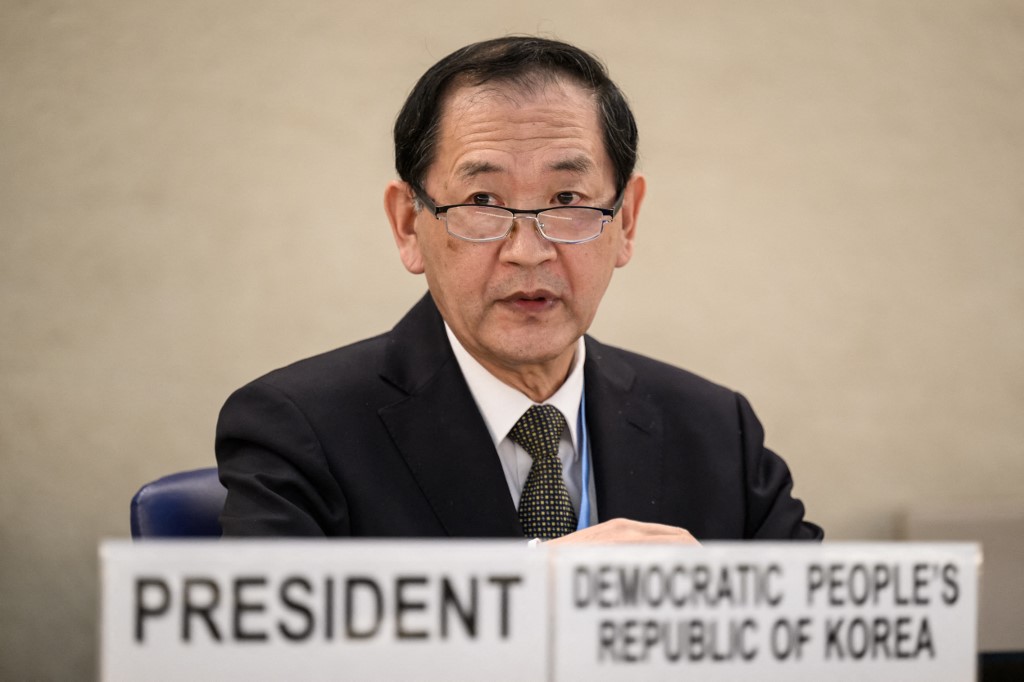 Đại sứ Triều Tiên Han tae-song tại Hội nghị giải trừ quân bị Liên Hợp Quốc ở Geneva hôm 2/6. Ảnh: AFP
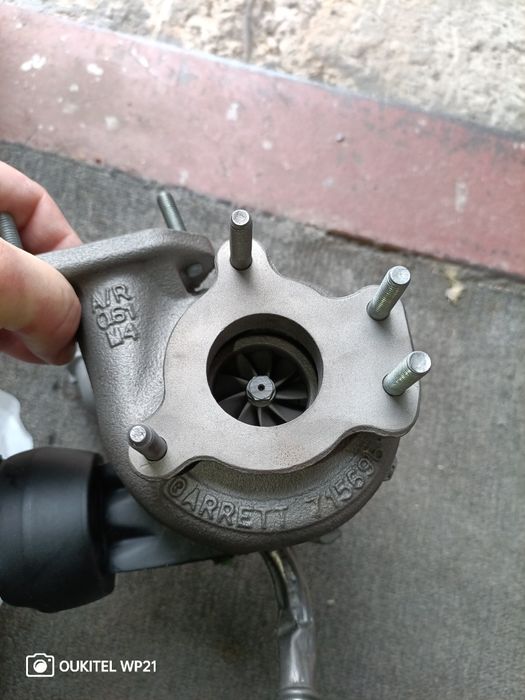 Турбина на двигун G9T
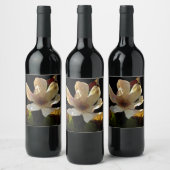 ブラックバックグラウンドマグノリア花ワインボトル ワインラベル (ボトル)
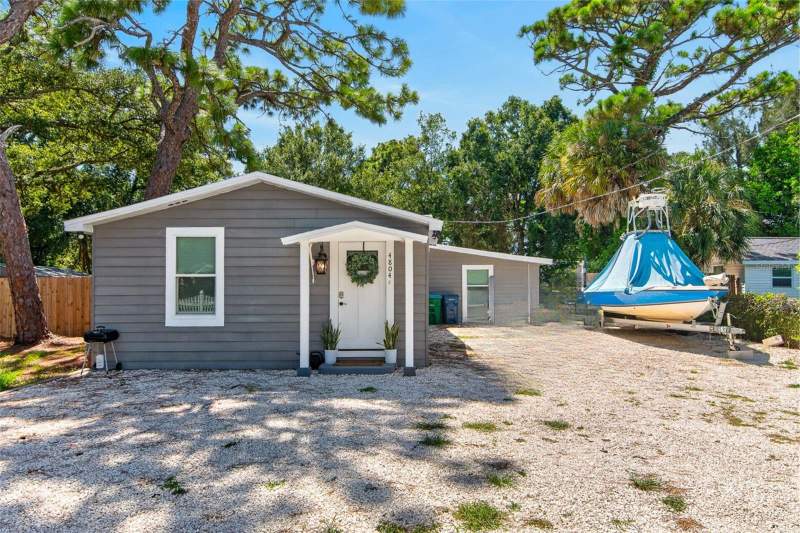 3 bedroom Single Family Residence at 4804 71st Street, Barcelo Park, St Petersburg — photo 2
__________
[GOAL OF THE EXERCISE] Should there be pictures in the data, leave them out and return the rest exactly.

[YOUR SOLUTION]
 Đại sứ Triều Tiên Han tae-song tại Hội nghị giải trừ quân bị Liên Hợp Quốc ở Geneva hôm 2/6. Ảnh: AFP
 Турбина на двигун G9T
 ブラックバックグラウンドマグノリア花ワインボトル ワインラベル (ボトル)
 3 bedroom Single Family Residence at 4804 71st Street, Barcelo Park, St Petersburg — photo 2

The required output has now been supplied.